Assigned task
Make an exact transcript of the lines in the data below, starting with the one containing "A question arises: if" and going on through the one containing "First, students will", with both included and the pictures left out.

Material for this exercise
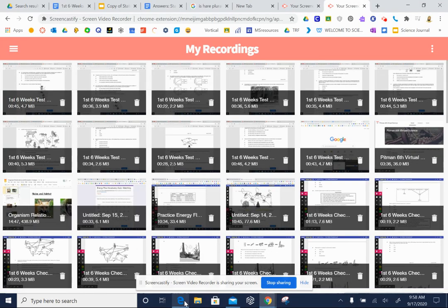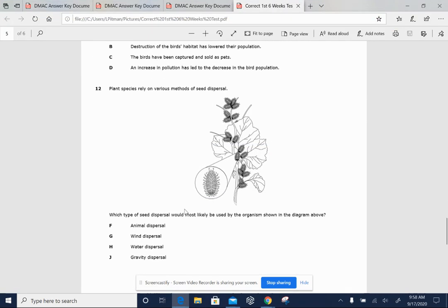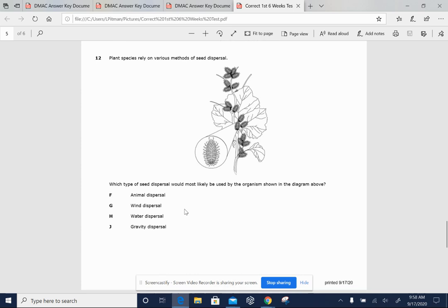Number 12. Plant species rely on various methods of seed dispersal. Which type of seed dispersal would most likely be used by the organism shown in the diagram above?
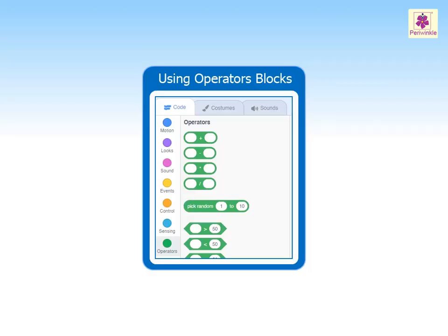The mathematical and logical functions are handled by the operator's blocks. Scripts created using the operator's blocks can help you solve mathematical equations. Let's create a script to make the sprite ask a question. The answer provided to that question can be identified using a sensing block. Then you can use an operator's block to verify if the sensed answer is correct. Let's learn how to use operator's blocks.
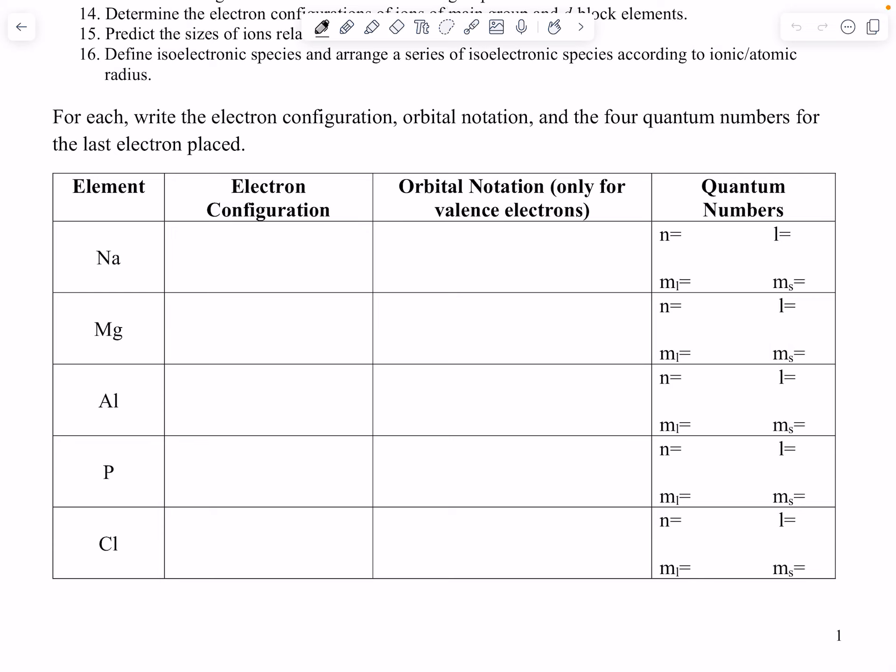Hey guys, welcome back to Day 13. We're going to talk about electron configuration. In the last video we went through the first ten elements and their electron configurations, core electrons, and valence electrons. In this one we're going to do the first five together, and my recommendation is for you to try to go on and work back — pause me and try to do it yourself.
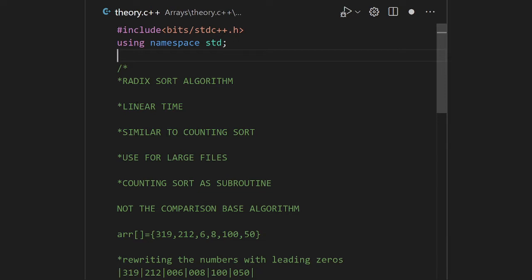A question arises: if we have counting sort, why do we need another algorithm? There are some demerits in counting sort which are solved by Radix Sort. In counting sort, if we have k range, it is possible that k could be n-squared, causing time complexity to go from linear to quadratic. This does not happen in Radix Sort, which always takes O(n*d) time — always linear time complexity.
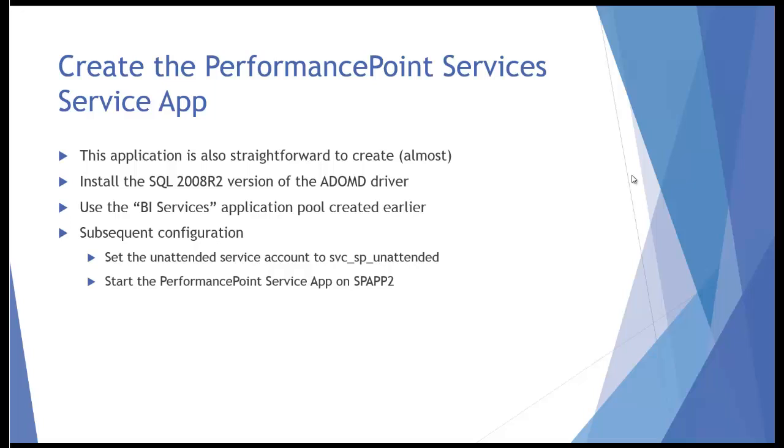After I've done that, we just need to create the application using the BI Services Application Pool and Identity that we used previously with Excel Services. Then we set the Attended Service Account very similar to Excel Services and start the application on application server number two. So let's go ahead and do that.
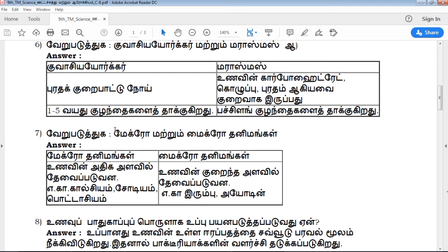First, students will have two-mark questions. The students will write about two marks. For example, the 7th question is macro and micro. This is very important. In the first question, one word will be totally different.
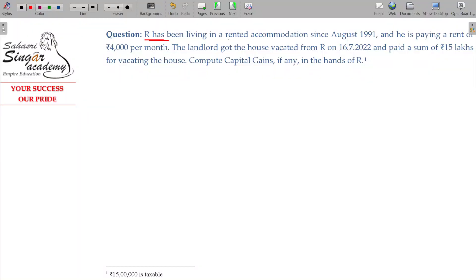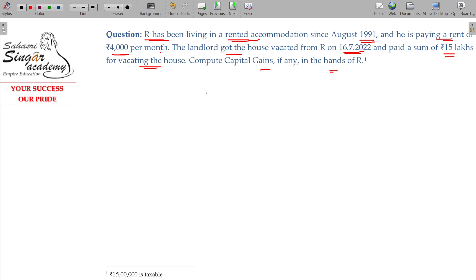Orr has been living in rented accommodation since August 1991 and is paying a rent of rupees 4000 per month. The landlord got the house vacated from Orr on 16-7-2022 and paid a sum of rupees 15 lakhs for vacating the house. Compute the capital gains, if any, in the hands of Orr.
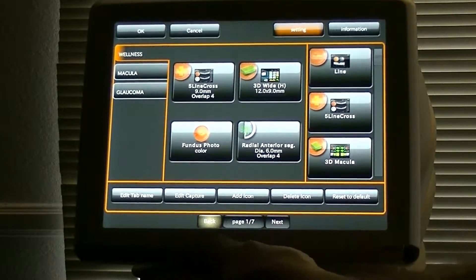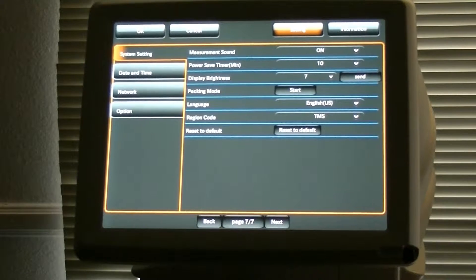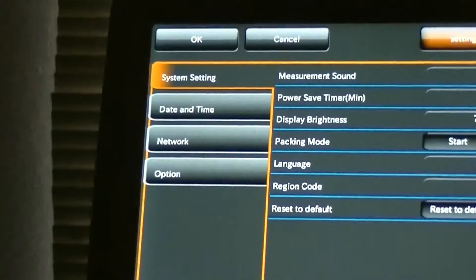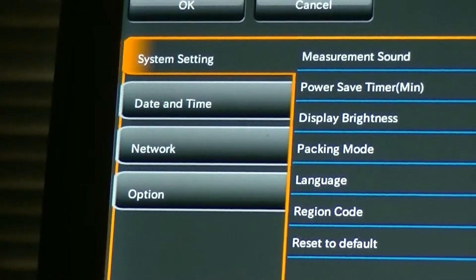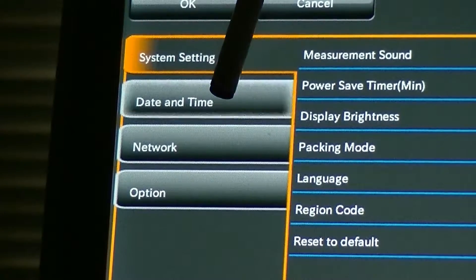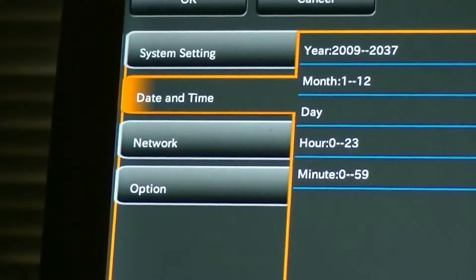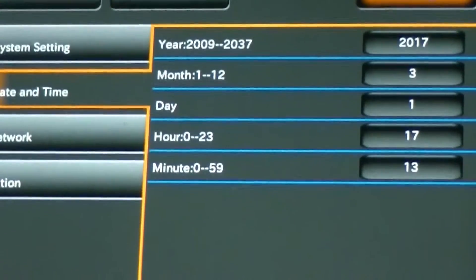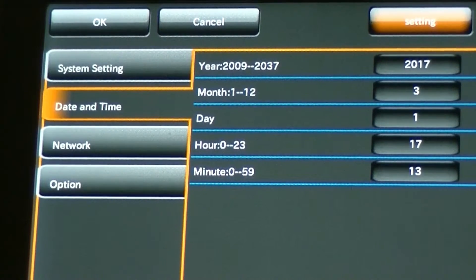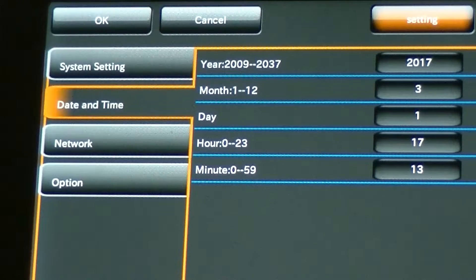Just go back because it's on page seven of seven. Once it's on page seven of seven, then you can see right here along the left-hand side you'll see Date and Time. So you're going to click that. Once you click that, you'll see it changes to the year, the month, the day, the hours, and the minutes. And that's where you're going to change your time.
--
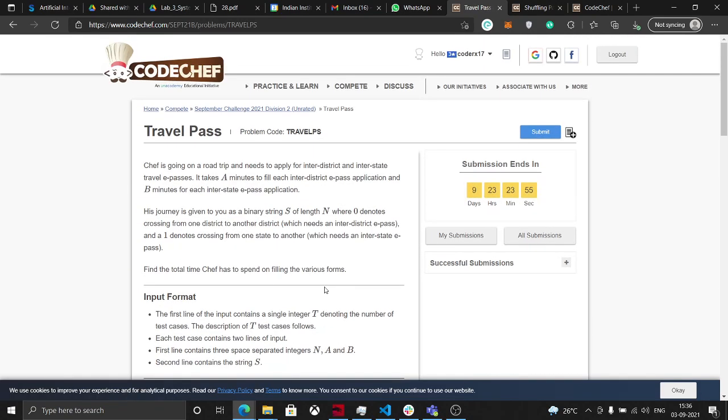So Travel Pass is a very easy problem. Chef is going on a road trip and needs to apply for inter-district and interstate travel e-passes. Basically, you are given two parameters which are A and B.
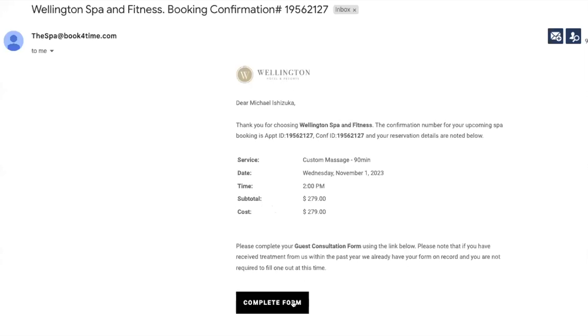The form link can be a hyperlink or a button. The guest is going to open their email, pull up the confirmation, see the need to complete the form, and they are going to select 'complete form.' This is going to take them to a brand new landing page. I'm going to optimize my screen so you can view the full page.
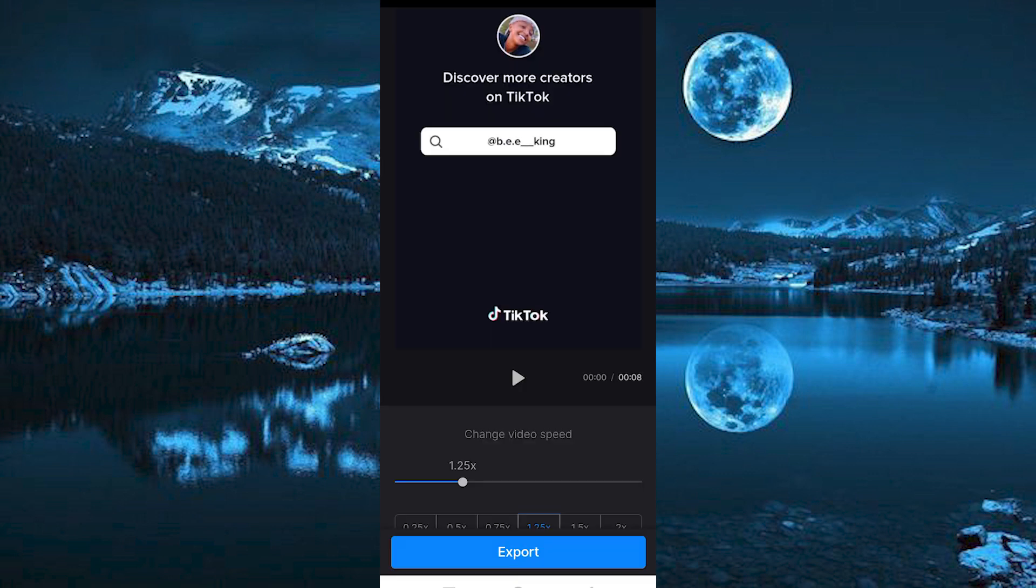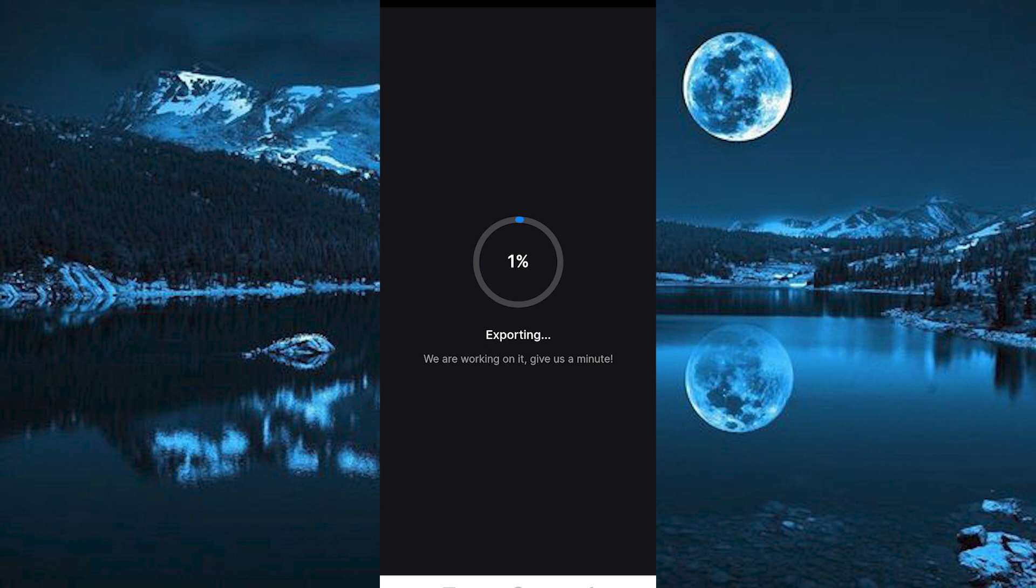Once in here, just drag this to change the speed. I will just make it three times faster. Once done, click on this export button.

Finished task
A question arises: if we have counting sort, why do we need another algorithm? There are some demerits in counting sort which are solved by Radix Sort. In counting sort, if we have k range, it is possible that k could be n-squared, causing time complexity to go from linear to quadratic. This does not happen in Radix Sort, which always takes O(n*d) time — always linear time complexity.
After I've done that, we just need to create the application using the BI Services Application Pool and Identity that we used previously with Excel Services. Then we set the Attended Service Account very similar to Excel Services and start the application on application server number two. So let's go ahead and do that.
First, students will have two-mark questions. The students will write about two marks. For example, the 7th question is macro and micro. This is very important. In the first question, one word will be totally different.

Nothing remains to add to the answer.